Watson begins with a description of Francis Crick, who he first met in autumn of 1951, when he came to the Cavendish Laboratory in Cambridge to work on the structures of proteins.
He starts, “I have never seen Francis Crick in a modest mood” (7), and notes this immodesty long pre-dates his recent fame. Crick, who was 35 at time, was “almost totally unknown”, and despite his quick mind, had a reputation for talking too much (7).
Watson briefly describes the other key figures at the Cavendish. He mentions Max Perutz, the unit leader, who was working with X-ray diffraction techniques on haemoglobin crystals. He also mentions Lawrence Bragg, the director of the Cavendish. Bragg was then a well-established scientist and Nobel Prize winner. A pioneer of crystallography and X-ray diffraction methods, in the early post-war years Bragg was interested in using X-ray diffraction to determine the structure of complex proteins.
Bragg is characterised as the theorist, with Perutz as the experimentalist, and between them Watson locates Crick, who dabbles in both, but whose natural bent was for throwing out speculative theories to anyone who would listen. He is described as lively and impetuous in his theorising, talking “louder and faster than anyone else” (8). His manic presence was enjoyed by most, excluding Bragg, who could barely stand him.
Crick was expansive in his theorising, and would go to other labs enthusiastically offering bold new interpretations of the data of another scientist. This led to an “unspoken fear” in some quarters that he might one day hit the mark (9).
Crick wasn’t a fellow of any Cambridge college, something which Watson puts down in part to his eccentric and challenging nature.
This chapter provides important scientific background and introduces us to Maurice Wilkins and Rosalind Franklin.
Watson explains that in 1951 Crick was still working on proteins, not DNA. Despite his increasing interest in DNA, there were reasons why his focus hadn’t yet shifted. At the time, scientists were starting to appreciate the crucial significance of genes as the key to understanding cell reproduction, hereditary characteristics, and life itself. Experiments had shown that hereditary traits could be transmitted in bacteria cells by DNA, but scientists were still divided as to whether the key component in genes was a special type of protein molecule or DNA itself. Having started work in the field of proteins, Crick was not in a position to switch his attention just yet, despite having a good hunch about DNA.
There were other major practical constraints. The focus of the Cavendish lab was on proteins. Moreover, Maurice Wilkins, who was based in King’s College, London, was recognised as the authority on DNA in England. DNA was seen as his domain, “and it would look very bad if Francis jumped in on a problem that Maurice had been working on for years”(12).Watson notes that this vague sense of fair play informed the way scientists interacted in England, in a way that it did not in the US.

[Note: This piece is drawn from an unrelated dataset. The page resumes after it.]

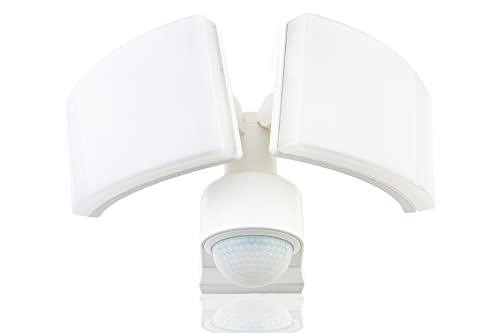 HUBER LED Strahler mit Bewegungsmelder 360° 2 x 20W, 4400lm - 3 Sensoren, Matrixlinsen und Bereichsbegrenzung, Wand und Eckmontage, IP65, weiß von HUBER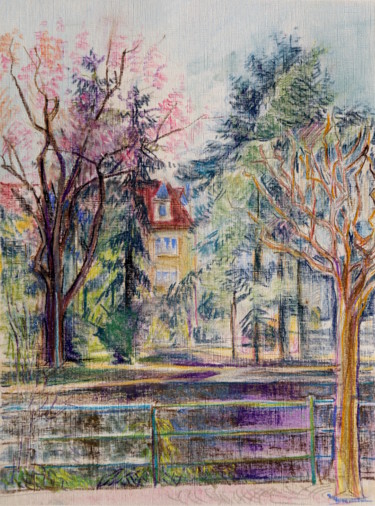 Peinture intitulée "Winter-promenade in…" par Emilia Amaro, Œuvre d'art originale, Pastel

The frustration for Crick was that Wilkins, while very intelligent, was too steady and studious. Also, Wilkins’ progress on DNA was affected by a tense relationship with his colleague, Rosalind Franklin. Franklin had been brought in as an expert on x-ray diffraction allegedly to help with his work on DNA. She, however, saw herself as an equal and independent researcher, and a bitter power struggle was underway between the two.
Watson goes on to describe Franklin, then 31 years old. While not unattractive, “by choice she did not emphasise her feminine qualities” (14). From Wilkins’ assumed perspective, she is described as austere, with a “good brain,” but belligerent, and almost impossible to work with (14). Their personal struggle made scientific progress seem unlikely.
As a final complicating factor, we learn that the brilliant American chemist Linus Pauling is also turning his attention to the problem of DNA around this time.
This chapter explains how Watson himself came into the picture. It jumps back to the spring of 1951, when Watson attended a lecture on DNA by Wilkins at a small scientific meeting in Naples. At the time, Watson was a young man, doing post-doctoral research at the University of Copenhagen, with the biochemist Herman Kalckar.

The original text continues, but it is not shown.